Dünü düğüm eden, bugünü hiçe saymıştır. Bu nedenledir ki, son sigarama dokunma Neriman !

Birgün çıkıp geldiğinde; senide vurur beni de !

Altın günü tertip edenlerden seçelim,
Temiz çamaşırlarına sponsor misali.
Geçip kendinden bizlere kattıkları,
Yaşayamadı işte, gönlünden kopup gideni.
Varmayın üstüne,
Kullanamaz bu son treni !

Evin en temiz köşesinde bir kirli sepeti,
Bardağından dinmiyor su, gördün mü ?
Alıp yanına beni de götür diyeni,
Geride kalanlara sabır diliyor, bildin mi ?

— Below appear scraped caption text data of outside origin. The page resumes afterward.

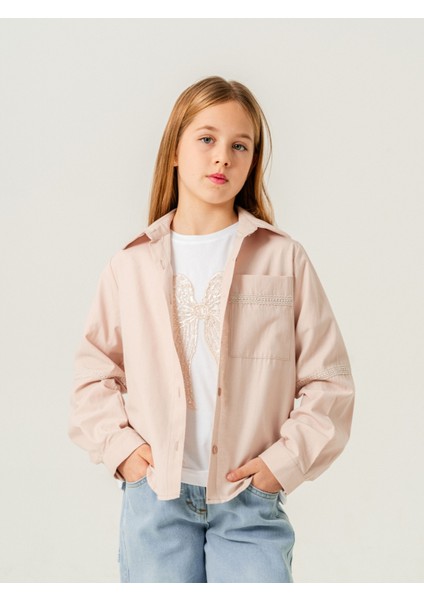Kız Çocuk Cep Dantelli Gömlek T-Shirt Ikili Takım 1803 fiyatları
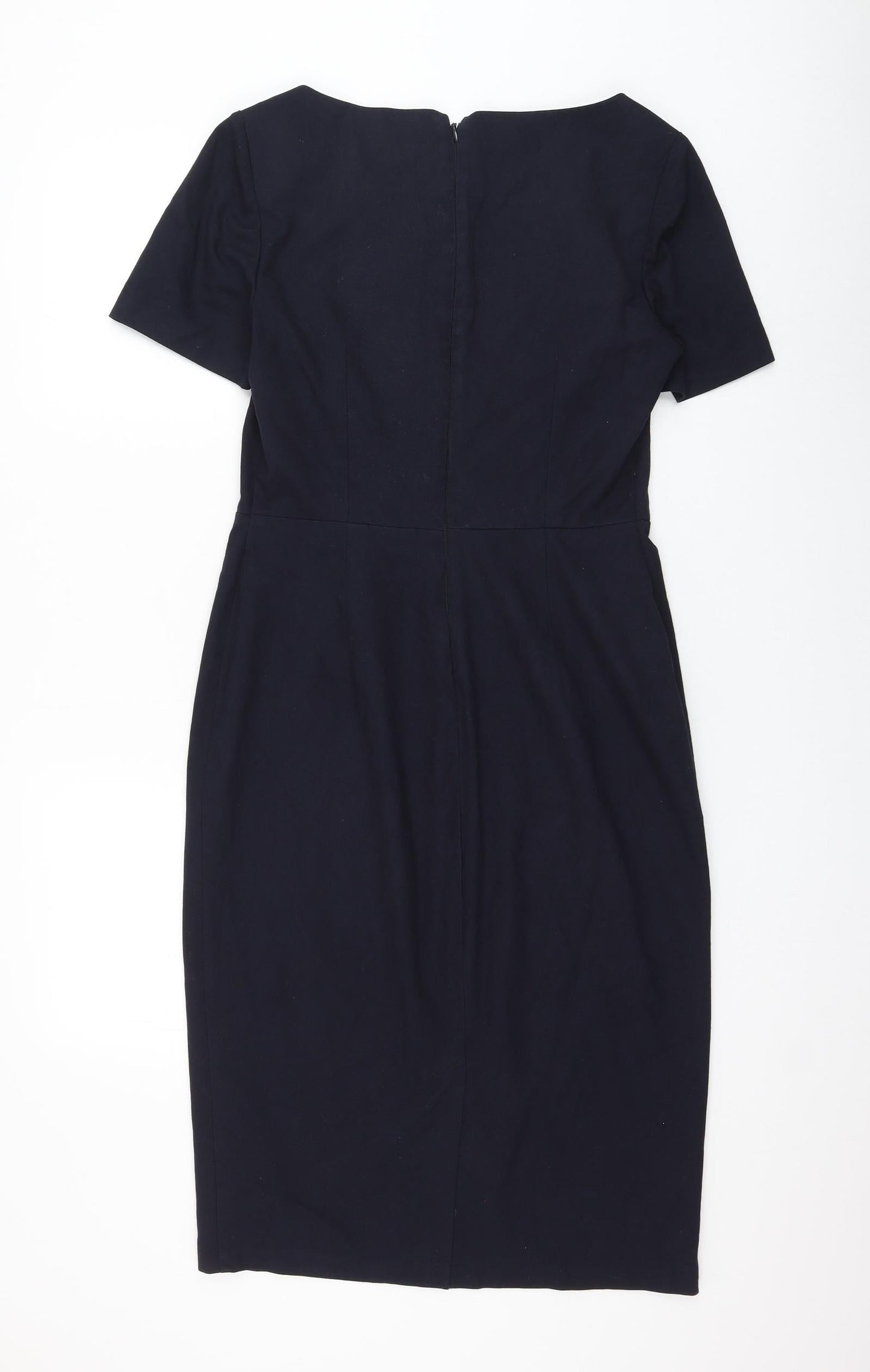 NEXT Womens Blue Polyester Shift Size 10 Square Neck Zip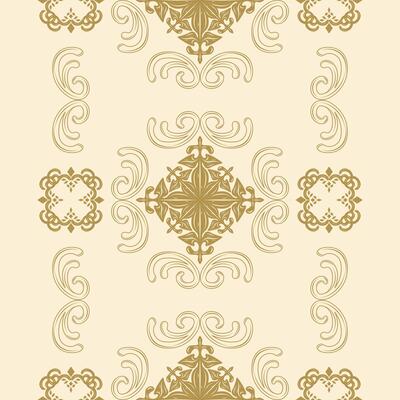 Elaborate Whimsical Filigree Border Swirl Ornament Pattern Frame Royal Gold Style on Beige Background. Luxury Glamorous Baroque Scroll Element Rich Haute Couture Design for Embroidery Silk Scarf Lace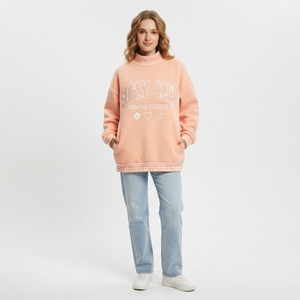 Sweat-shirt imprimé à col montant ample et décontracté pour femme, en molleton, coupe ample, style streetwear - Product Image 6
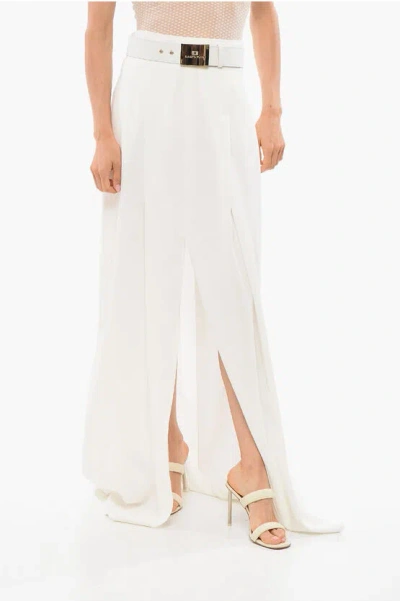 Elisabetta Franchi Front Split Maxi Skirt With Belt In White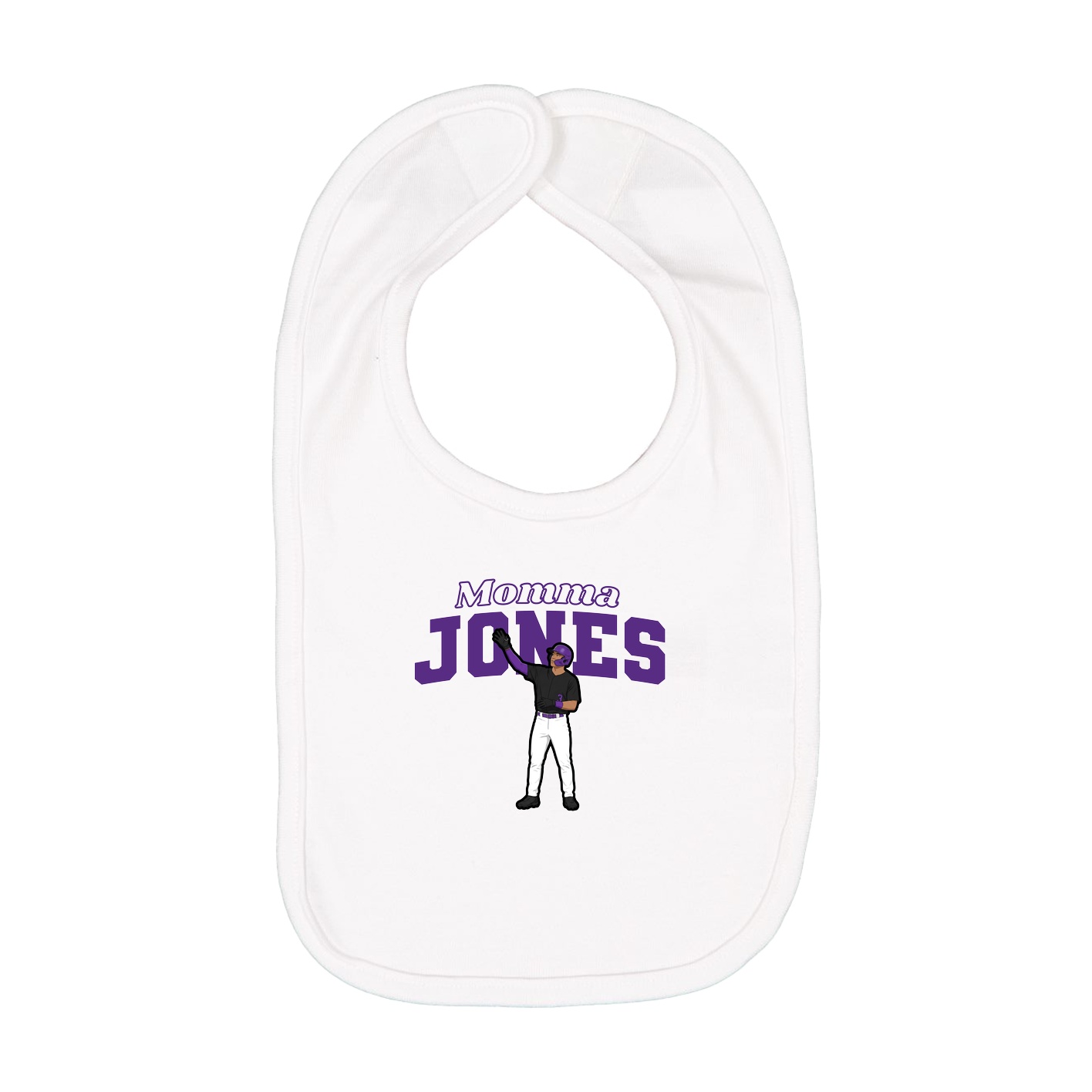 Infant Bib — Mothers Day Block in White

Odanın karamsarlığı dururken yanıbaşında,
Susadığını söyleme sen yine de.
Işıktan kimse rahatsız değil.
Üçer beşer doldur kadehimi,
Su değil bu içtiğim.

Rahatın rahatsızlık kaybı sonucu doğduğunu, aslında ellerimiz olmasaydı muhakkak başka bir duyu organının bizlere nasip edileceğini, herkesin yerini doldurabilecek birilerinin olduğunu, çayın çatalla karıştırılmayacağını...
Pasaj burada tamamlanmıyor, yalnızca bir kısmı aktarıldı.